[Work request]
In the listing that follows, locate the line containing "A young girl" and the line containing "Bird's Eye View". Retype exactly those two lines and every line between them, and nothing more.

[Given information]
====

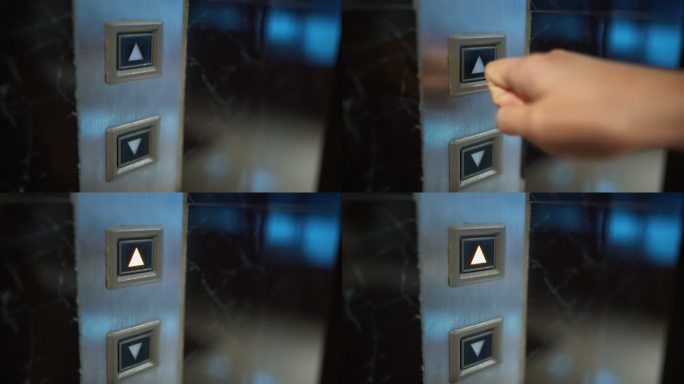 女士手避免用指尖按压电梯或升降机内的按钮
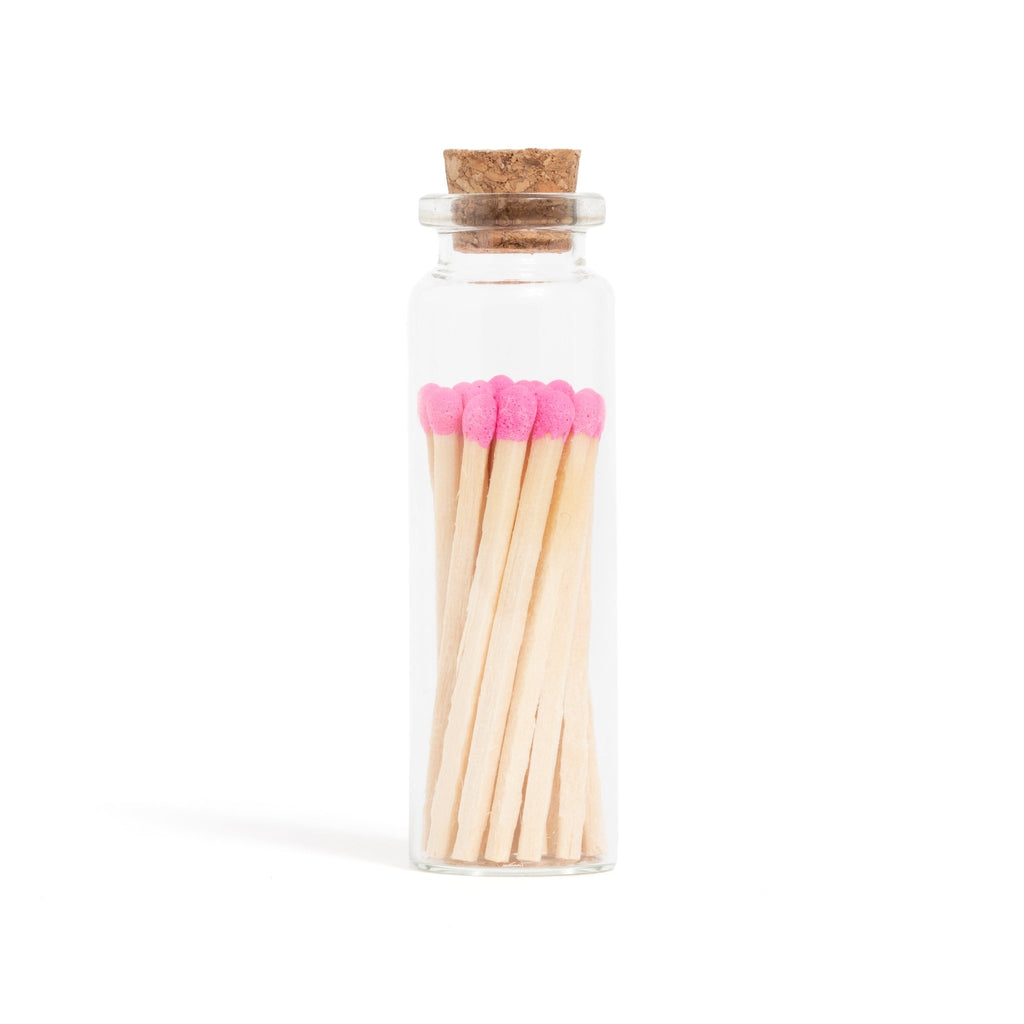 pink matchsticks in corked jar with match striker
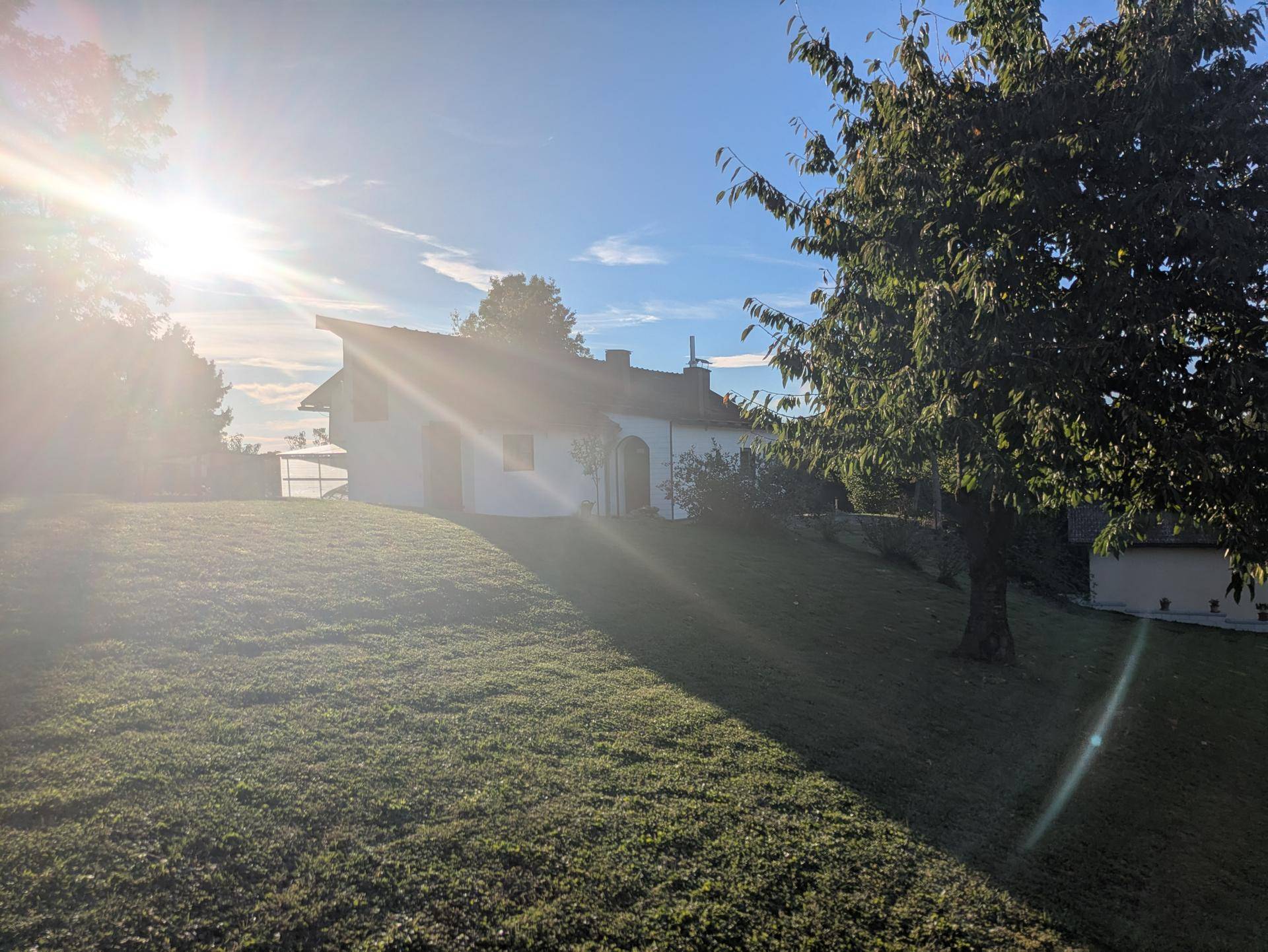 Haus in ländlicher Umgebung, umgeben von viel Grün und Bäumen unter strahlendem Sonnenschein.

====

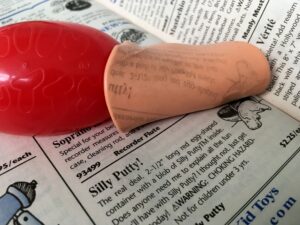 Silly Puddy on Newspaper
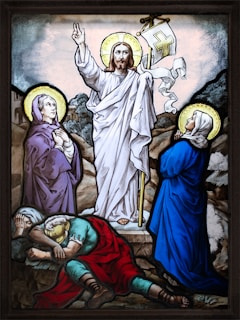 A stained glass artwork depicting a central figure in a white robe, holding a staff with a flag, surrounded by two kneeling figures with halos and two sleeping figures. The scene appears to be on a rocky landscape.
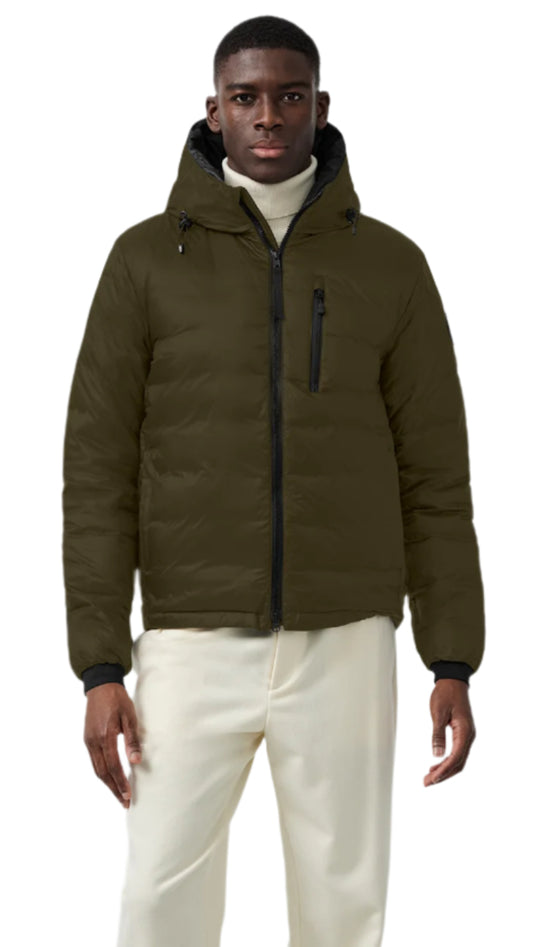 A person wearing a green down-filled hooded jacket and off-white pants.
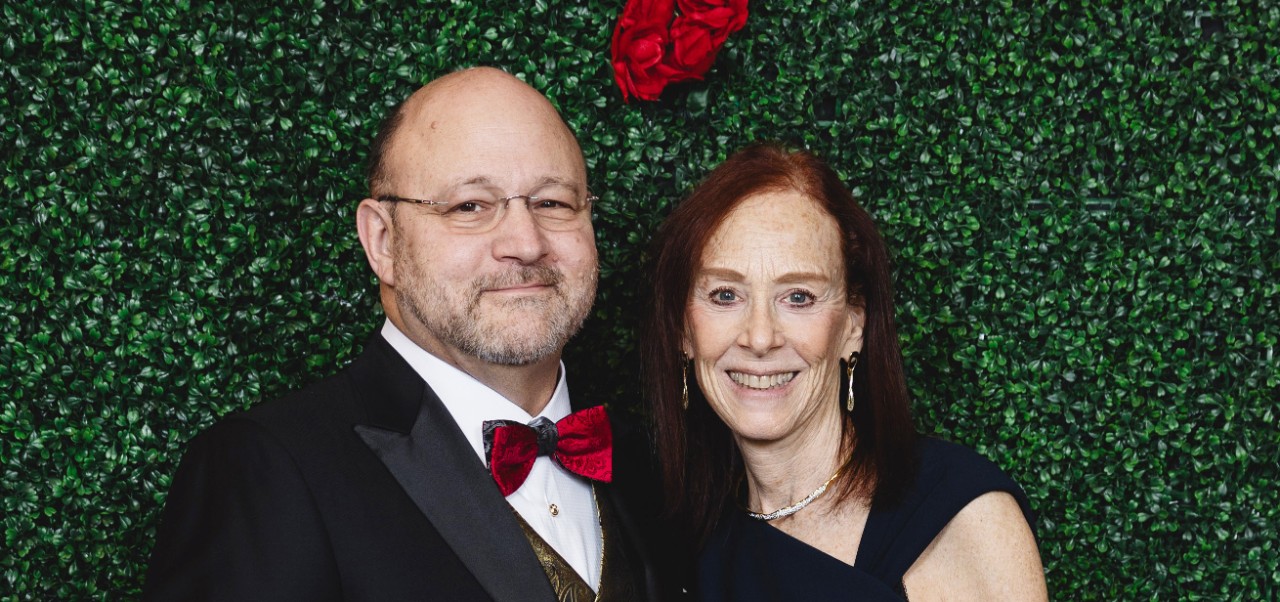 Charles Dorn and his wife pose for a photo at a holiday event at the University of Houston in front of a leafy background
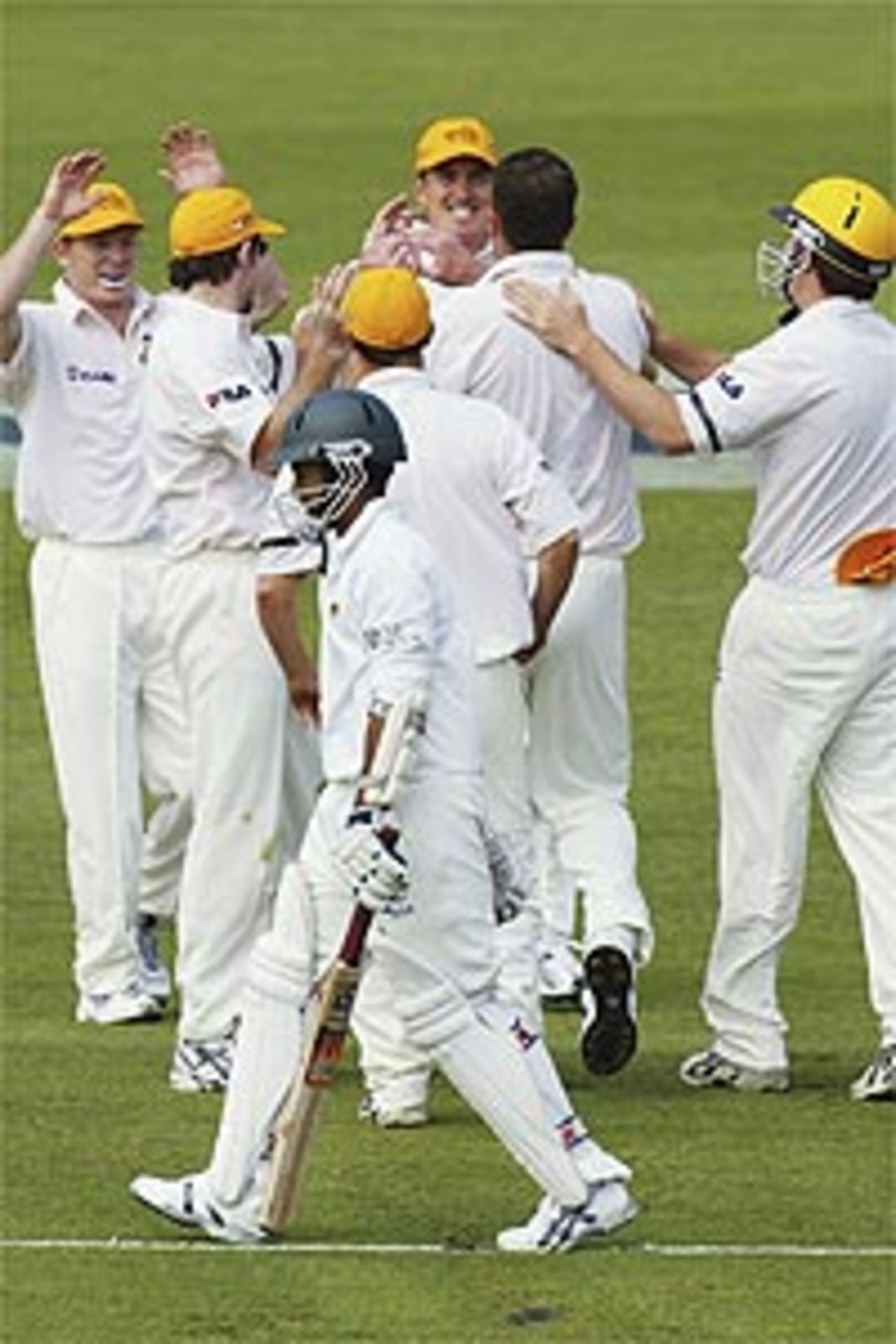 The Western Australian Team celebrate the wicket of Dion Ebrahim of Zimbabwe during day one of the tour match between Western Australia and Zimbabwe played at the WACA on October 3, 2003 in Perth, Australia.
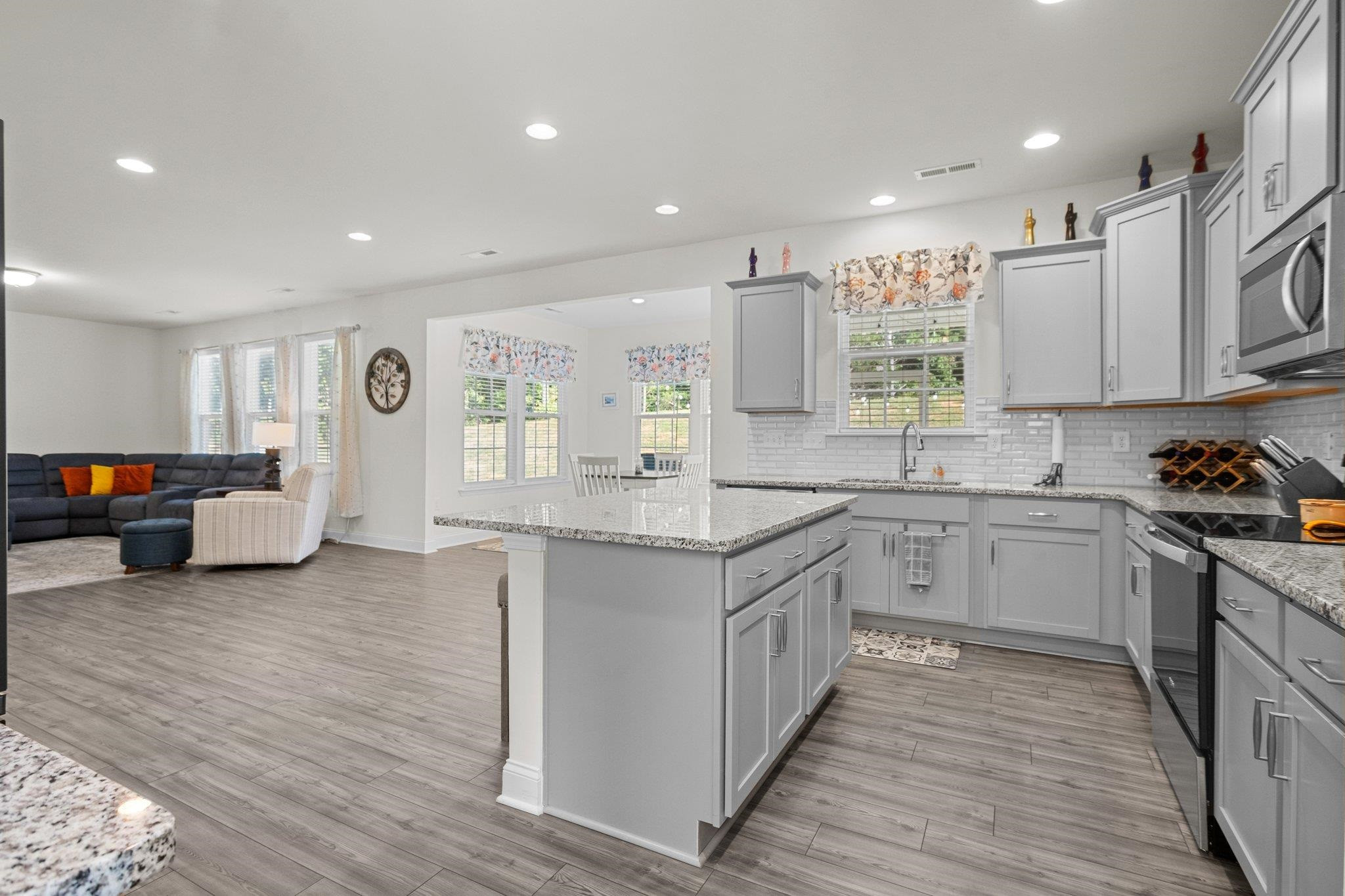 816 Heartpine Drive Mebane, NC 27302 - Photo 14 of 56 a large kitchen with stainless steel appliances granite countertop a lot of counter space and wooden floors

====

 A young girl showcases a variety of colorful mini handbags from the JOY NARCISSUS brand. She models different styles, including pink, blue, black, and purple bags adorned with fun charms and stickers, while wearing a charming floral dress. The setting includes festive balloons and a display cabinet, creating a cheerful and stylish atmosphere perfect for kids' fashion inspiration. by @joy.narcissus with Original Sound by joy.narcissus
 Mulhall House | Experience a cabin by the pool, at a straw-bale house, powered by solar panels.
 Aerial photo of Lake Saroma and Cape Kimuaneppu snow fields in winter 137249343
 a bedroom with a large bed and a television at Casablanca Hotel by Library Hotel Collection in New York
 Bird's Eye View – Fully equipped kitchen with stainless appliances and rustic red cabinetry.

====

[Response]
 A young girl showcases a variety of colorful mini handbags from the JOY NARCISSUS brand. She models different styles, including pink, blue, black, and purple bags adorned with fun charms and stickers, while wearing a charming floral dress. The setting includes festive balloons and a display cabinet, creating a cheerful and stylish atmosphere perfect for kids' fashion inspiration. by @joy.narcissus with Original Sound by joy.narcissus
 Mulhall House | Experience a cabin by the pool, at a straw-bale house, powered by solar panels.
 Aerial photo of Lake Saroma and Cape Kimuaneppu snow fields in winter 137249343
 a bedroom with a large bed and a television at Casablanca Hotel by Library Hotel Collection in New York
 Bird's Eye View – Fully equipped kitchen with stainless appliances and rustic red cabinetry.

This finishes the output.